研究課題
前立腺癌特異的な骨転移の成立機構を解明し、前立腺癌独自の骨転移の予防及び治療の基盤の構築を目的として、前立腺癌骨転移制御に関わる候補遺伝子PCBM1の機能解析として増殖能、浸潤能、遊走能、細胞接着能について、前年度で構築した系を用いてin vitroにおける評価を行っている。in vivoにおいては、同細胞を、ヌードマウスの皮下モデルで、細胞増殖能を評価したするとともに、ヌードマウスの脛骨骨髄内に播種した骨転移モデルにて骨転移の成立に及ぼす影響を評価した。さらに、同細胞をヌードマウスの左室心腔内注射による血行性骨転移モデルを作出し、軟X線撮影、マイクロCTによるX線学的定量評価、骨形態計測法による組織学的定量解析およびRNAseqによるトランスクリプトーム解析を行うことで、経時的な骨転移成立の定量的解析を継続的に行っている。さらに新学術領域研究「学術研究支援基盤形成」コホート・生体試料支援プラットフォームに支援を頂き、前年度より引き続いて多数例のヒト臨床組織検体における組織免疫染色により、原発巣におけるPCBM1発現強度と骨転移の有無や前立腺癌の悪性度との相関を解析した。今後、臨床経過における骨転移の発生・生存期間等との相関を解析するために、さらに症例集積と臨床的背景因子のデータベース作成を行っている。タンパク質の相互作用・生化学的解析のための基盤技術の1つであるアルファスクリーンと、愛媛大学プロテオサイエンスセンターが独自に開発したコムギ無細胞タンパク質合成技術を応用した、三量体形成または膜受容体結合を阻害する化合物探索法を用いたスクリーニングを展開中である。また、愛媛大学プロテオサイエンスセンターが独自に開発した抗体作成技術を応用した、抗PCBM1抗体の開発として前述の評価系を用いた探索を同時に展開中である。
2: おおむね順調に進展している
現時点まで当初の研究計画に沿った評価系の構築やデータベース作成がスムースに展開が出来ており、これに基づいた研究の遂行が出来ている。

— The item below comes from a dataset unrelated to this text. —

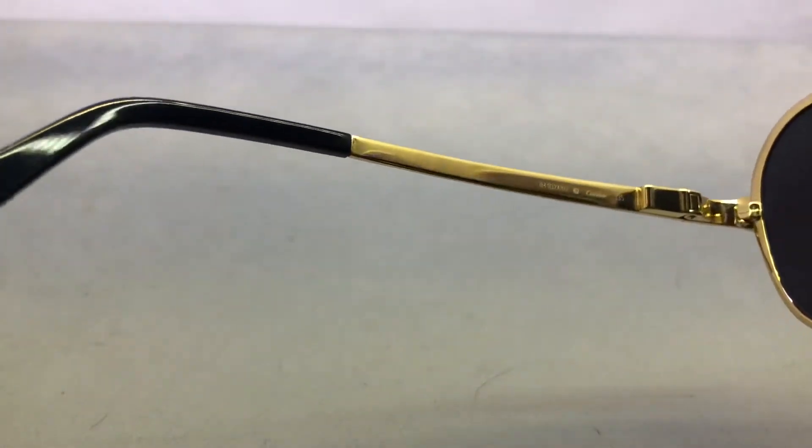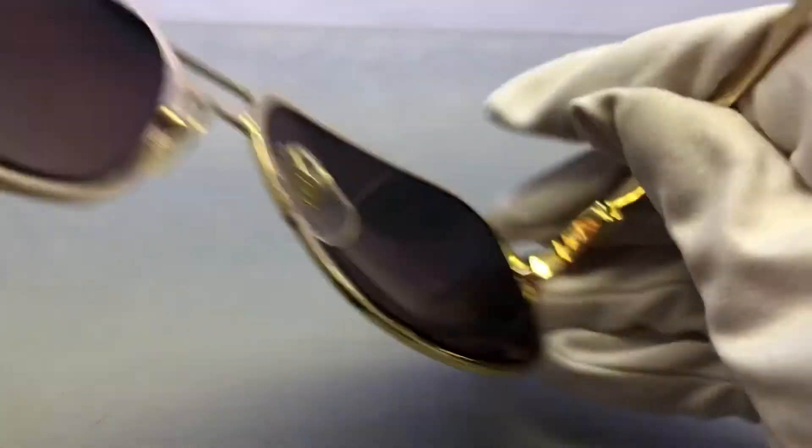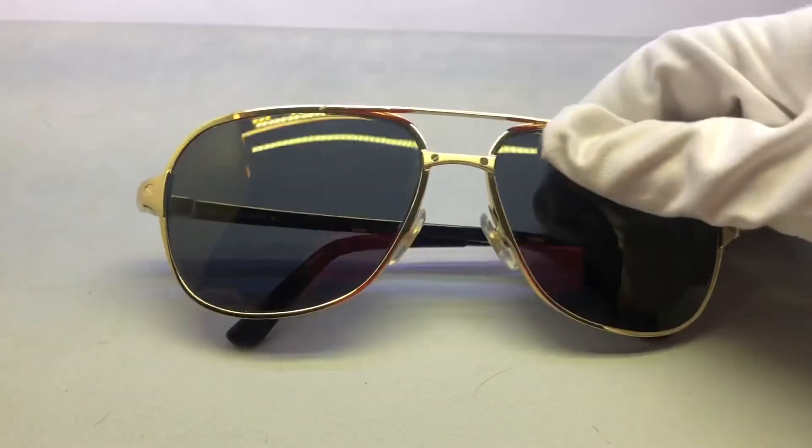On the right temple you will see where it's made — it's made in France — and the model number as well. In the bridge in the middle you will see the size of the sunglasses.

評価系の構築に沿って引き続いてin vitro/vivoのPCBM1の機能解析をおこないつつ、臨床サンプルと候補遺伝子との相関の解析を行っていく。さらに当初の予定通りコムギ無細胞タンパク質合成技術を用いた骨転移予防/治療低分子化合物の探索を進める。PCBMに対する中和抗体については現在作成を進めていることろであり、抗腫瘍効果を得ることのできる有効な中和抗体を探索するために、腫瘍発育抑制効果や骨転移予防効果を検証していく。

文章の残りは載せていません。